What is the length and width of the area?

From what I have read, an ideal system is usually designed like a square or a triangle - position of heads meaning.


----------



## g-man (Jun 15, 2017)

Most system will need head on the opposite side (property line). An exception is MP strips, but they only spray out to 5ft.


----------



## Buddy (Apr 23, 2018)

uts said:


> What is the length and width of the area?
> 
> From what I have read, an ideal system is usually designed like a square or a triangle - position of heads meaning.


From the driveway side to the property line, it's about 15'.

Debating if it's worth switching out some sprayer nozzles to a rotor head and get some more water down in the dry areas. Or if it's worth placing a head in the adjacent corner near the street to get the coverage along the property line.


----------



## GrassOnTheHills (Jul 3, 2020)

As stated by @g-man you should have heads all along the opposite side shooting back to the existing heads. The dry area you're experiencing is due to lack of head to head coverage which really is a requirement of any design.


----------



## Buddy (Apr 23, 2018)

GrassOnTheHills said:


> As stated by @g-man you should have heads all along the opposite side shooting back to the existing heads. The dry area you're experiencing is due to lack of head to head coverage which really is a requirement of any design.

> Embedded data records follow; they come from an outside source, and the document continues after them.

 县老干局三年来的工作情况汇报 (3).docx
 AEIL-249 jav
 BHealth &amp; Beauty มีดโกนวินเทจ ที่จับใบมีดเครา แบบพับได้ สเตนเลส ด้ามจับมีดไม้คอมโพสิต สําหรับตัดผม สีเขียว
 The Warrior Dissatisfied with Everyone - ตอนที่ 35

Afraid that was going to be the only solution to this. With that said, will I be expecting any issues with pressure loss if I add another 3 heads onto that side of the property line? I'm guessing not dramatic, as I have 6 heads, and add say another 3 for a total of 9. I believe my front of the house zone has either 8-9 as well.

Guess the biggest challenge will figure where the main line is and tap off of that. Unless I can come off that head that is near the street/driveway and go across to the property line to add my heads?


----------



## GrassOnTheHills (Jul 3, 2020)

If you don't mind doing some math, the best thing to do would be to use irrigationtutorials.com to understand the available pressure and the pressure loss of your system, as well as the available flow. Knowing those numbers would tell you if adding heads will present a problem in this instance, but also will let you make decisions like this more easily in the future. In this case, I think only your "safe flow" will matter because if you don't experience pressure issues on that zone now, you won't by adding heads (because a single drop of water will only take one path to a single head), but you will experience a increased requirement for flow (which you may not be able to support).

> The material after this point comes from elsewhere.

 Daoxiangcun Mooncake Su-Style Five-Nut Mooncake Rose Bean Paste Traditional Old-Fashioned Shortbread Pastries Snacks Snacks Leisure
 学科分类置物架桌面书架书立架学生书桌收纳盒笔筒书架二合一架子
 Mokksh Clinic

THAT SAID, if you have another zone with the *same type of heads* with the same *flow requirements* as the ones you want to add to this zone (flow requirements can differ even with the same head depending on the arc used), you should be able to have an equal number of heads on this line assuming the lateral distances aren't wildly different (you'll experience more pressure loss on a long run of lateral than a short).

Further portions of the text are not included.